The road more or less travelled.

It makes sense that the deepest winter should be the end of one year and the beginning of the next. It is a good time for taking stock. When the idea was invented, the idea of ending and beginning a year on a certain day, it was the time (in the northern hemisphere, at least… where the idea was invented) that we huddled round the fire on the long nights, thinking about things, once we were bored with singing and bad poetry. It was a time to reflect on how cold it was and how disappointed we were in ourselves.

This weekend, we are standing at the beginning of January, the reflecting has been done, we have resolved to be and do better, and it feels, just as it does every year, as if the reset button has been pressed. That sensation is helped along in Lisbon as the sun is shining, and the weather is crisp and bright and cold. It is bright and shiny (apart from the goddam graffiti) and rebooted.

If you, like me, suffer from/enjoy (delete as necessary) time-space synaesthesia, you may be seeing this reset on your internal visual calendar. On the 31st of December each year, I am at the end of a bumpy road, filled with potholes and bumps, covered with bad things and good, experiences and objects, and it stretches out and back and down to my right.

But on the 1st of January each year, I wake up standing at the beginning of another road. January is straight ahead of me, black and white and clear, rising up, but the rest of the year is curving around to the left and everything past January is a little blurry. February is almost non existent (I think because it’s usually when I realise that the new year is pretty much going to be the same as the old one), March is bigger, grey, and the road has dipped down. April and May are bright and big blocks, the colour of sunlight on fresh leaves curving into the summer, on a flat plain. June is oddly silent and I can’t see it. July and August dominate the rest of the year, stretching out to the left for far more than their actual allotted time of 1/6th of the year (this a leftover from childhood when summer holidays seemed to last forever). September, October and November are crunched up and lower down than the summer, bunched up in front of December, which rises up at the very end, when the year 2015 ends in total darkness. 2016 is, so far, non existent in my visual calendar.

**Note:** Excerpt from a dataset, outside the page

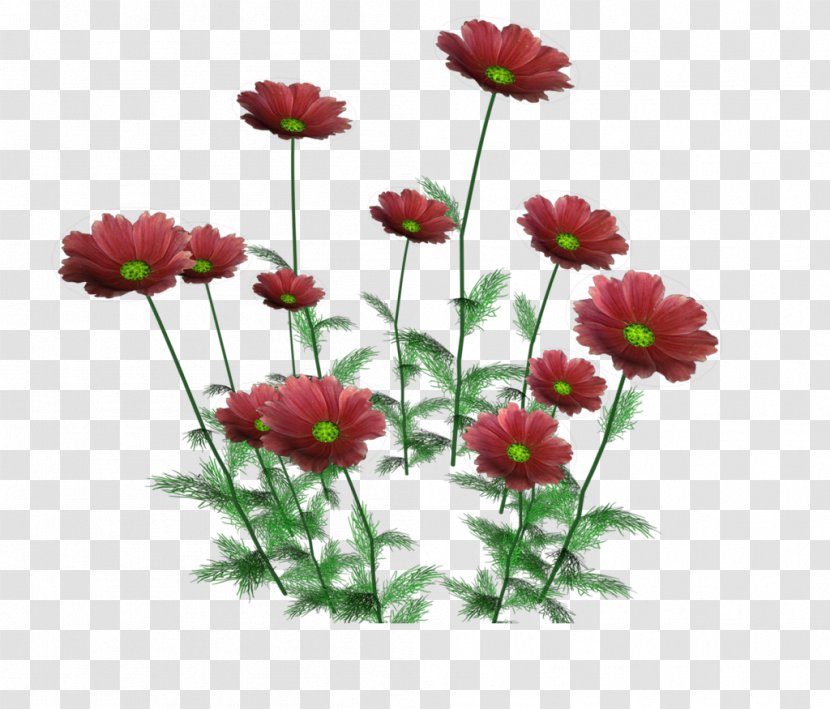 Flower Plant Render - Daisy - Chrysanthemum Transparent PNG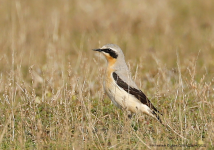 Wheatear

This 2015 road, however, is entirely empty of everything except potential.

The crazy bit is that we do, from day to the next, feel like there is new potential for us in the year to come. Crazy, because it’s just another day in the continuum of days. It’s only the new year because someone once decided that January 1st was January 1st and the first day of the new year.

But walk out on the street in the first week of January and there is a genuine feeling of “let’s try this again”, “yes we can!” and other obnoxious motivational poster slogans. We will spend a couple of weeks cheerfully and genuinely wishing each other a happy new year, a successful new year, and hoping and believing that yes, THIS year will be different and better for all of us.

Of course, it won’t be, but we can hope, can’t we? Although only six people in the world ever stick to their new year’s resolutions for more than a week, at least we try to be and do better, for a while, at least and hope that the potholes bumps in the road won’t be too devastating.

Up and at it, 2015!!! Happy new year.